AN OPEN LETTER TO PREMIER ZILLE: AFRICANS WERE NOT PASSIVE HUMAN BEINGS WAITING TO BE RESCUED

Dear Helen,

I would like to thank you very much for the thoughtless tweets that you sent out recently. It has helped me draw a line in the sand.

I have always reached out to others across racial and political lines in the belief that we all have to learn to live together. I have tried to find ways to understand those who have oppressed us for so long. When your recent tweets screeched into the public domain, my daughter stopped me in my tracks. “You must not try to understand her,” she said. “It is time that she makes an effort to understand you. Why must we always be understanding when a white person attacks our dignity?”

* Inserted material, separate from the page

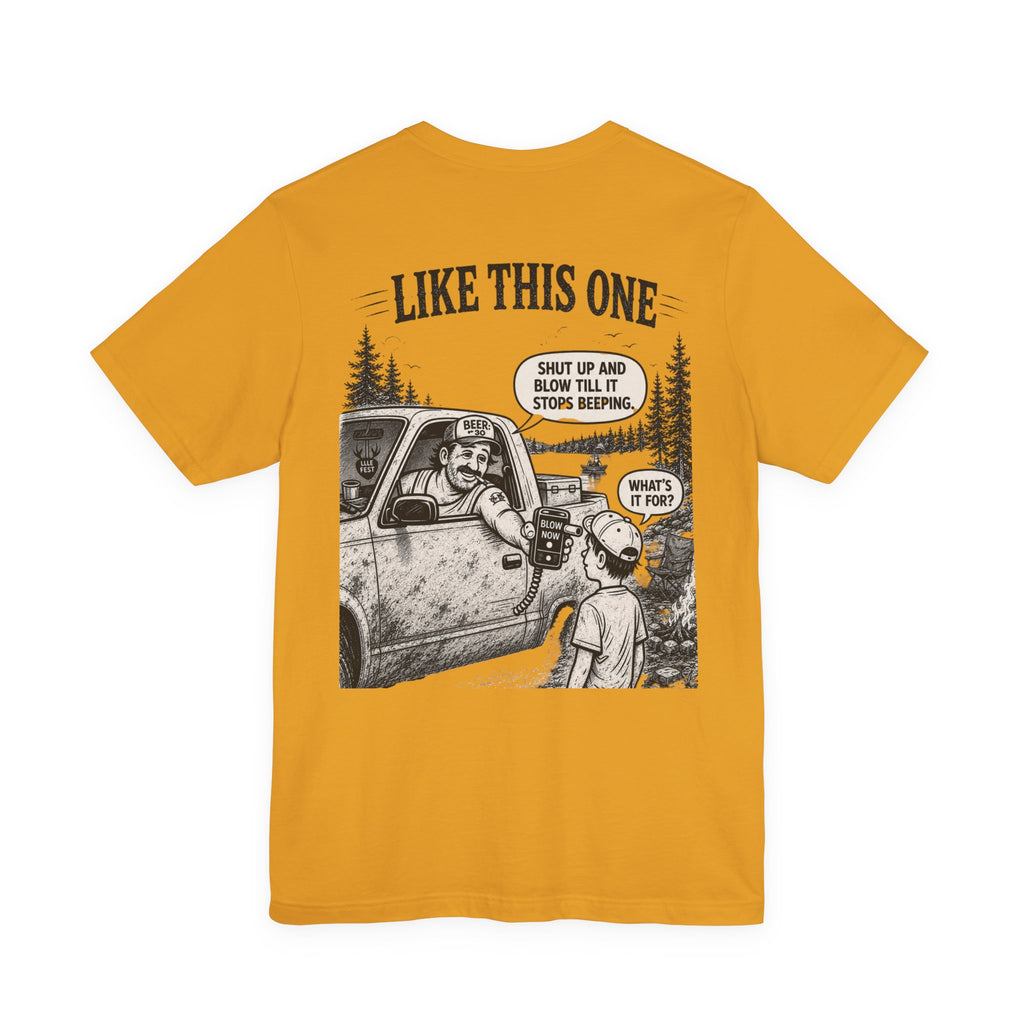 “Some lessons stick with you…” Funny Unisex Short Sleeve Tee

Soon all of Cape Town from Camps Bay to Claremont will be predominantly white and rich making it impossible for my daughter to have the opportunity to live in Claremont where I was born.

Your tweets finally clarify why you have not broken these colonial practices. It is because your philosophical position sees nothing innately wrong with the havoc of colonial governance. This thinking has easily flowed into the present.

For a number of years you have bombarded us with the notion that the Western Cape is the best-run province suggesting that all eight other provinces are badly run. Your smug refrain has succeeded in placing an unhealthy wedge between this province and the rest of the country.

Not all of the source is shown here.